__PROBLEM TO SOLVE__: From the entries below, report how many lines contain the string "Suites". Give only that number.

◇ ◇ ◇ ◇

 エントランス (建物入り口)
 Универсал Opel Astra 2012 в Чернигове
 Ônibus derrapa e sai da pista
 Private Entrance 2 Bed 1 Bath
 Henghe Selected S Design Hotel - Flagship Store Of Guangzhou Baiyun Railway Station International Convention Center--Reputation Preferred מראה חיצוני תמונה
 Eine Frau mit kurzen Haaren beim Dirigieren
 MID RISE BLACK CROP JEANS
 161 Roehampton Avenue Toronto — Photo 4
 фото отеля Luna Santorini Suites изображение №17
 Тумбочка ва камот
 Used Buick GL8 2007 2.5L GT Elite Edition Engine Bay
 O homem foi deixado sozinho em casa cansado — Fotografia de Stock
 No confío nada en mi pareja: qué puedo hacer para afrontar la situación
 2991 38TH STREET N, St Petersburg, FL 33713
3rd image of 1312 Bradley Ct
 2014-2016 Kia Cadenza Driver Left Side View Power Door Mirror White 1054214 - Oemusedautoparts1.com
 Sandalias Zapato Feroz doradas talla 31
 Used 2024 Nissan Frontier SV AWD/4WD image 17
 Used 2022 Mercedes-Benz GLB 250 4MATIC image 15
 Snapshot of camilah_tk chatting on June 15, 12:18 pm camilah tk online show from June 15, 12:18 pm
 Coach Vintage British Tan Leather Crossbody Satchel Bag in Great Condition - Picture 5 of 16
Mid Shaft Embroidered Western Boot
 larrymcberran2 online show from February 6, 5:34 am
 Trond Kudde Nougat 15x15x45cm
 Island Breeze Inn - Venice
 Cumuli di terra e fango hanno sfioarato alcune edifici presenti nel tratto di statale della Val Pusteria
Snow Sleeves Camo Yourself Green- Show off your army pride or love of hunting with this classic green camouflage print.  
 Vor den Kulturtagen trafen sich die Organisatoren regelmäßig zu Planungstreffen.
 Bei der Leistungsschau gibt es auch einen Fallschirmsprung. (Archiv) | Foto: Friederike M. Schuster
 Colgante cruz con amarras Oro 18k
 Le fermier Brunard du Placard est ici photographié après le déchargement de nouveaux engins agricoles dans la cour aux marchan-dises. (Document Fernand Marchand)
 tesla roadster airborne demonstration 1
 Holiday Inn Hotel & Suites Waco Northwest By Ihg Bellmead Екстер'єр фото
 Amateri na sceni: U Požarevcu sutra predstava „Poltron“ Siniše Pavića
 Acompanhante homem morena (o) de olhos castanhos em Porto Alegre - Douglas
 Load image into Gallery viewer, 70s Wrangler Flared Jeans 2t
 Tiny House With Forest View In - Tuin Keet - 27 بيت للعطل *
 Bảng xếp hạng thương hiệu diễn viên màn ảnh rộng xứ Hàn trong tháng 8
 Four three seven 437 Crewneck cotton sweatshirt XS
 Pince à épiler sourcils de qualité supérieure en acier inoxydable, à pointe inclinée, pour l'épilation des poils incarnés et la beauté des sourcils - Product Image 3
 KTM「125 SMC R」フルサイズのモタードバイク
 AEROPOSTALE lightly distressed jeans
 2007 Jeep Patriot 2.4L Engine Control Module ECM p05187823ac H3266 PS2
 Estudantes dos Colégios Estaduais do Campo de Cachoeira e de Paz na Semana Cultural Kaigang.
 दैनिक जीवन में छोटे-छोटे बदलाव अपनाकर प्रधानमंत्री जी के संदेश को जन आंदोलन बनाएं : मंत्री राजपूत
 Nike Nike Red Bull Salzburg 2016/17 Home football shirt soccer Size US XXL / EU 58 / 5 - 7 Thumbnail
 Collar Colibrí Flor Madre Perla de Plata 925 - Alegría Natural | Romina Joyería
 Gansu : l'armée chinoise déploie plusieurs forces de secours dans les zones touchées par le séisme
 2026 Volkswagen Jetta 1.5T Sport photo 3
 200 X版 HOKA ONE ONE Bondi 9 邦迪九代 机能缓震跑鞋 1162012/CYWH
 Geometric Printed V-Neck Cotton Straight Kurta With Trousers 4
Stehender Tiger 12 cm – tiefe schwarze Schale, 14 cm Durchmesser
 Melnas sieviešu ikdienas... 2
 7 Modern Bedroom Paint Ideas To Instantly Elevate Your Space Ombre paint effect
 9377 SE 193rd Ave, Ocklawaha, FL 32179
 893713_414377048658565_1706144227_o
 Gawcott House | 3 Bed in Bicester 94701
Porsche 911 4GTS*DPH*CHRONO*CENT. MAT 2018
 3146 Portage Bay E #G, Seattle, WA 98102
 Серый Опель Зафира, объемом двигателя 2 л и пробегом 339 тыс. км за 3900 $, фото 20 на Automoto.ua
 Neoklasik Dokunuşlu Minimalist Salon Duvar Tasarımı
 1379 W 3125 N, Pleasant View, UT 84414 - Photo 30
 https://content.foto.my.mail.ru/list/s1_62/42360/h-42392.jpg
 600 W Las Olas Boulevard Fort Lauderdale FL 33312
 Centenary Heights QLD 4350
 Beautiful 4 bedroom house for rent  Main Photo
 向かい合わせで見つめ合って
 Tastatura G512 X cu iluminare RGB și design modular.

◇ ◇ ◇ ◇

__RESPONSE TO THIS TASK__: 2